The new Diffuse shader removes Shadow Filtering per light type and combines them into a single set of Keywords, reducing the number of variants.

The reduction in build time is very welcome.

If you’d like to know more, the Unity Blog posted a great article, “Stripping scriptable shader variants“, covering shader stripping in-depth. It’s worth a read if you’re working with Shaders and/or Custom Rendering Pipelines.

Visibility Culling for the Maze

This week I worked on optimization, focusing on visibility culling in the maze to reduce the amount of overdraw and learn where it fits into the Unity Scriptable Rendering Pipeline.

On the left, is how the maze looks to the player. On the right, is what is being drawn to the screen.

Since the maze is procedurally generated at runtime, I can’t use Unity’s in-built occlusion system to minimize the overdraw. That means I need to come up with my own solution to manage occlusion culling.

I started out by researching a few techniques for occlusion culling, looking at how classic rogue-like games do shadow casting in tile-based dungeons, and toying with the idea of some kind of specialized flood fill algorithm to figure out what should be visible.

It was interesting, but it all felt a little overkill.

So I ended up going with a simpler approach, which was raycasting and grid intersections.

The test scene I used to code the grid intersection test. The white box is the starting point, the blue line is the ray, the red points are intersections on the Z-axis, and the greens point are intersections on the X-axis.

Since it’s in first-person, I only needed to make sure that walls immediately in front of the camera were visible. And since the maze is generated on a grid, grid intersection made the most sense.

First, I cast a series of rays across the viewing angle of the camera like a fan, ignoring any up and down rotation. When the ray hits a wall, I convert the hit position into a grid coordinate, which I then keep in a “visible” list.

Sweeping from left to right inside the camera. Green lines indicate walls that have been detected for the first time to keep them visible.

I then use the line between the camera and the ray’s hit point to calculate where it intersects the maze grid, and calculate the visible cells along that line, adding any new cells to the “visible” list.

The walls detected by the maze culling system. Notice how some of the shadows don’t look correct.

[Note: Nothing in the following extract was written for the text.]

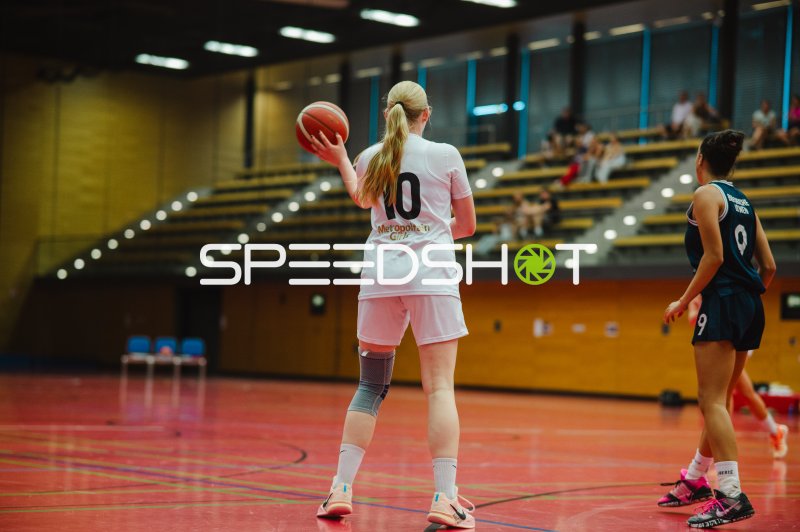 F Hülsmann (#10; Metropolitain Girls) mit Ball in Spielaufbau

I then expand the “visible” list to include neighboring cells. This ensures that shadows cast by walls on the opposite side don’t disappear and prevents creating light where there shouldn’t be any.

The detected walls expanded to it’s neighbours.

Any walls that aren’t detected by the rays, are turned off, or culled.

It worked for a stationary camera. But once I started moving around the maze there were holes where walls should be. This problem was especially noticeable near corners.

Some walls not being detected and culled, creating a gap in the middle.

To fix it, I modified the rays to fire from the side of the camera instead, which allows the culling system to see around the corners before the player does.

The modified ray cast to fix culling visibility around corners.

The problem still happens, but it’s less obvious.

No more gap in the walls.

With culling enabled, the amount of overdraw is significantly reduced. And because there is less to render, it also reduces the number of walls and objects that need to be rendered for shadow casting lights.

After a bit of tweaking and adjusting, I managed to increase the frame rate by 50 to 100 frames.

The overdraw image on the right now renders significantly less walls thanks to culling.

I originally learned the raycasting technique last year in a course by Gustavo Pezzi of Pikuma called “Raycasting Programming with C”. It’s a great course that goes over creating a classic Wolfenstein-style game. If you’re interested in that kind of thing, you should check it out at

There are still a lot of improvements I’d like to make to how the maze culling works, especially since it only culls the inside of the maze. But I’m not going to worry about it too much yet.

I’m not sure what I’ll be moving on to next, but I am hoping to start finishing this little project up. So I guess my focus next will be to finish it maybe?